··· Entries supplied ···

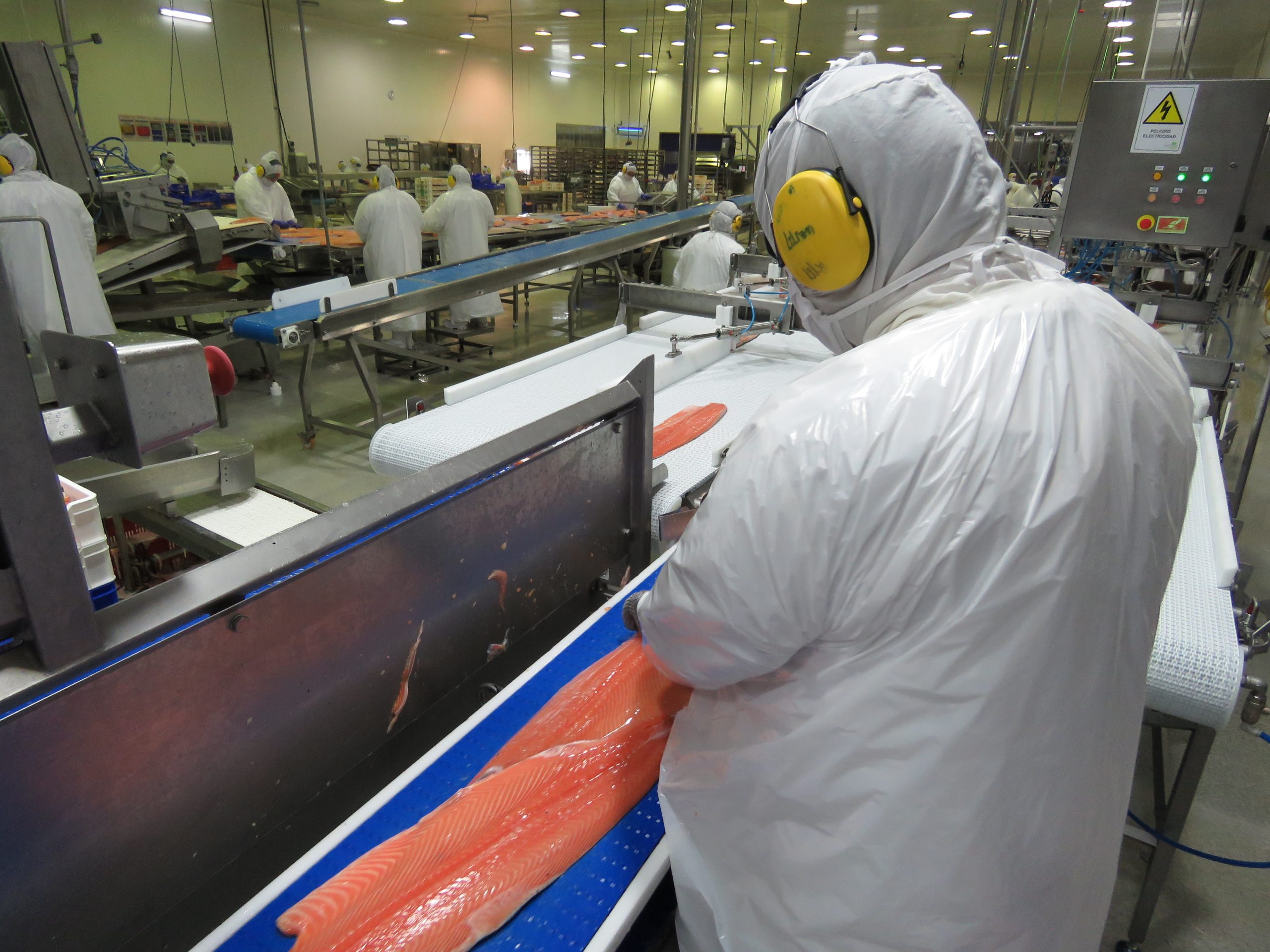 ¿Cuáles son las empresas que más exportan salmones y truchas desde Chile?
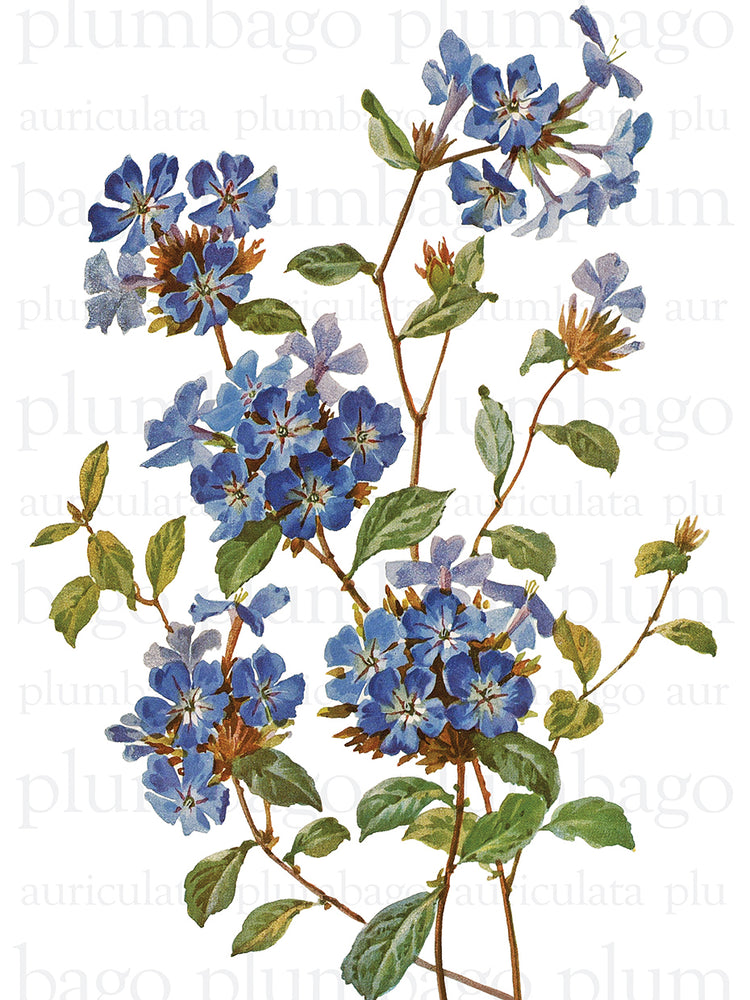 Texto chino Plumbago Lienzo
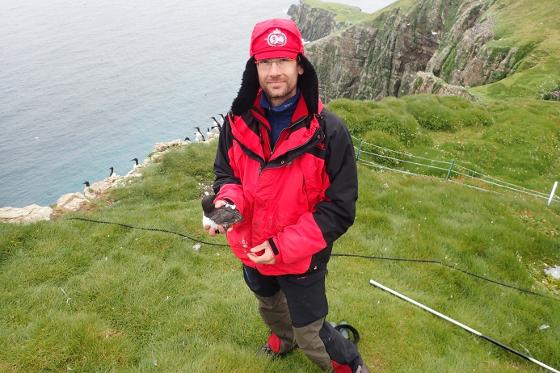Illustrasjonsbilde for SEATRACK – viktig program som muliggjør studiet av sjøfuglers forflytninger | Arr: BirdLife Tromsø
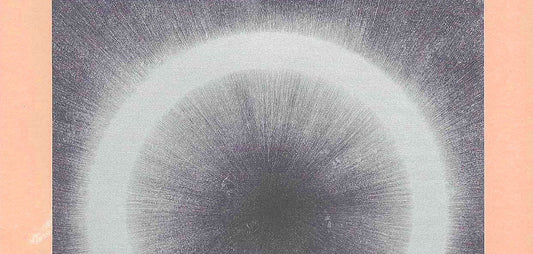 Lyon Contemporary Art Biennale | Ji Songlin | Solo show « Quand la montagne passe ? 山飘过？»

···
··· Entries supplied ···

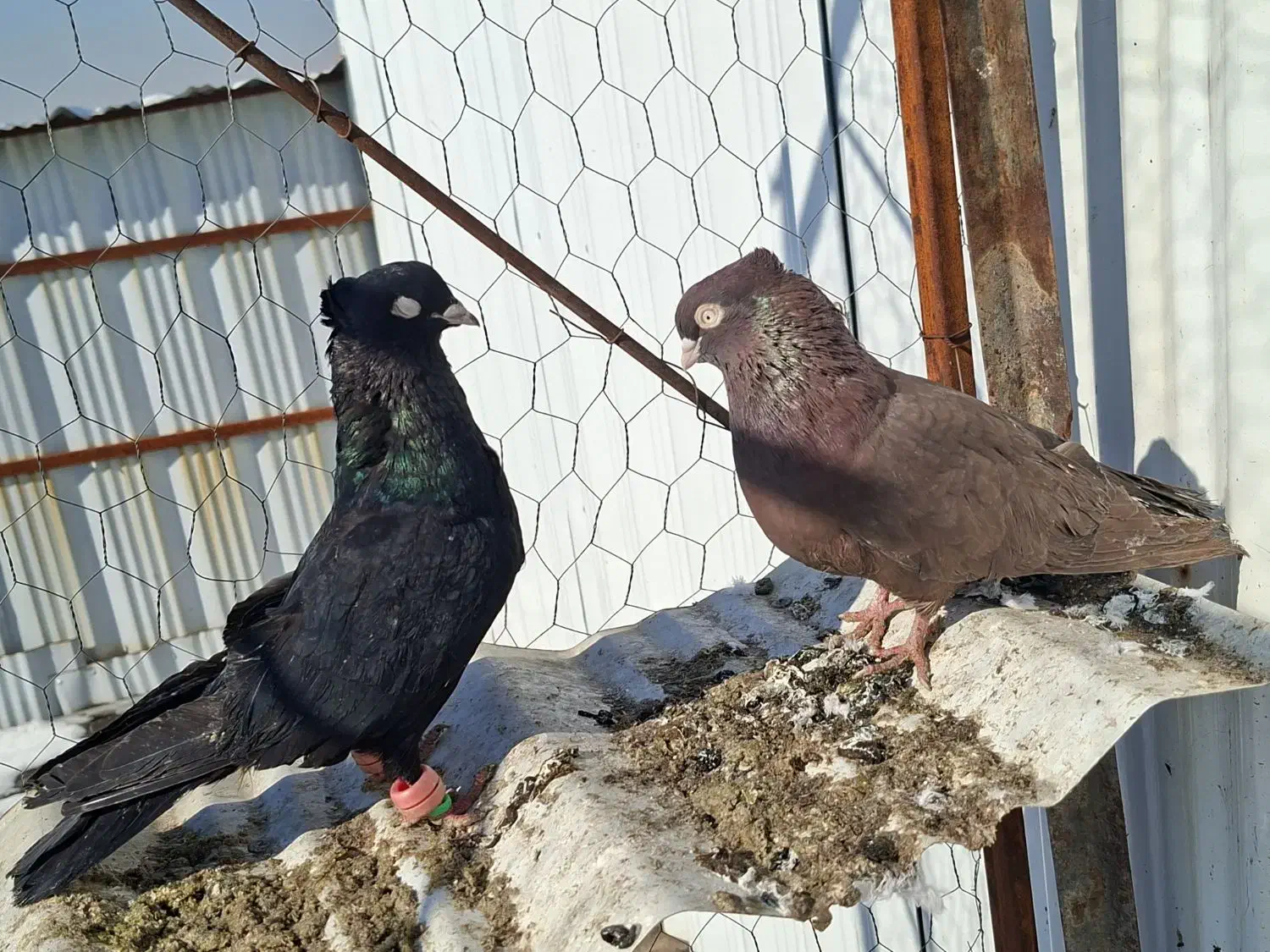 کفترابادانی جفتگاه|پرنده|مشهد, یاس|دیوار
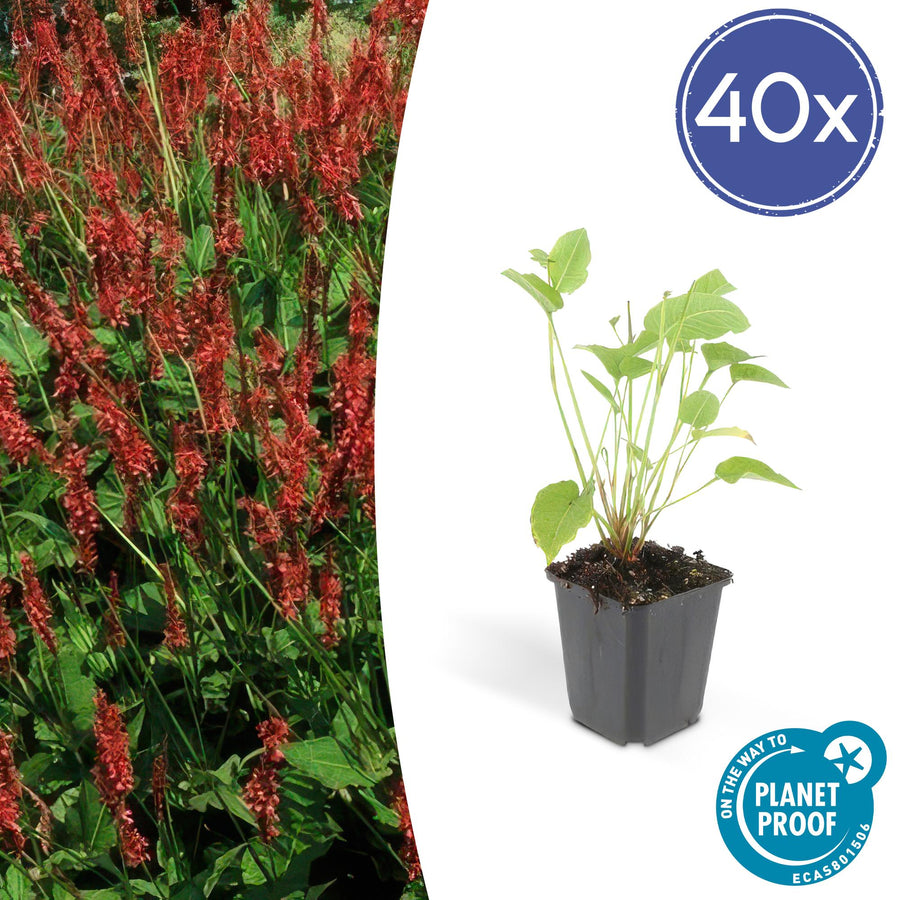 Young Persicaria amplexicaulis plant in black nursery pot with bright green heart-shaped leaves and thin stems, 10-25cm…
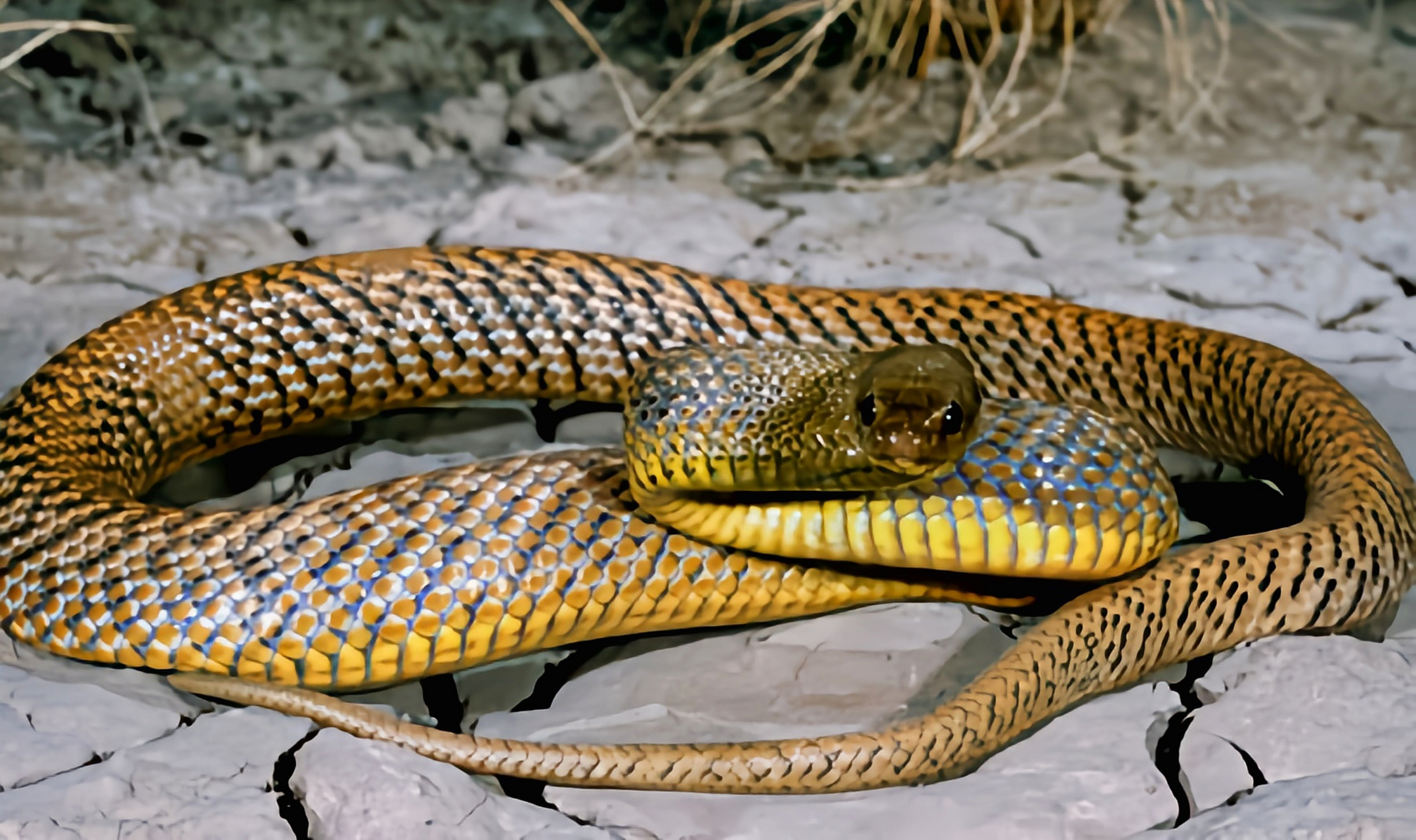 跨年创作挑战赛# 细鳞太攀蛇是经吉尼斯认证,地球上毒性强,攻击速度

···

Starting from the line with "truchas desde Chile?" in the records above, repeat each line exactly until you have written the line with "Lyon Contemporary Art", then stop; drop the pictures.

 ¿Cuáles son las empresas que más exportan salmones y truchas desde Chile?
 Texto chino Plumbago Lienzo
Illustrasjonsbilde for SEATRACK – viktig program som muliggjør studiet av sjøfuglers forflytninger | Arr: BirdLife Tromsø
 Lyon Contemporary Art Biennale | Ji Songlin | Solo show « Quand la montagne passe ? 山飘过？»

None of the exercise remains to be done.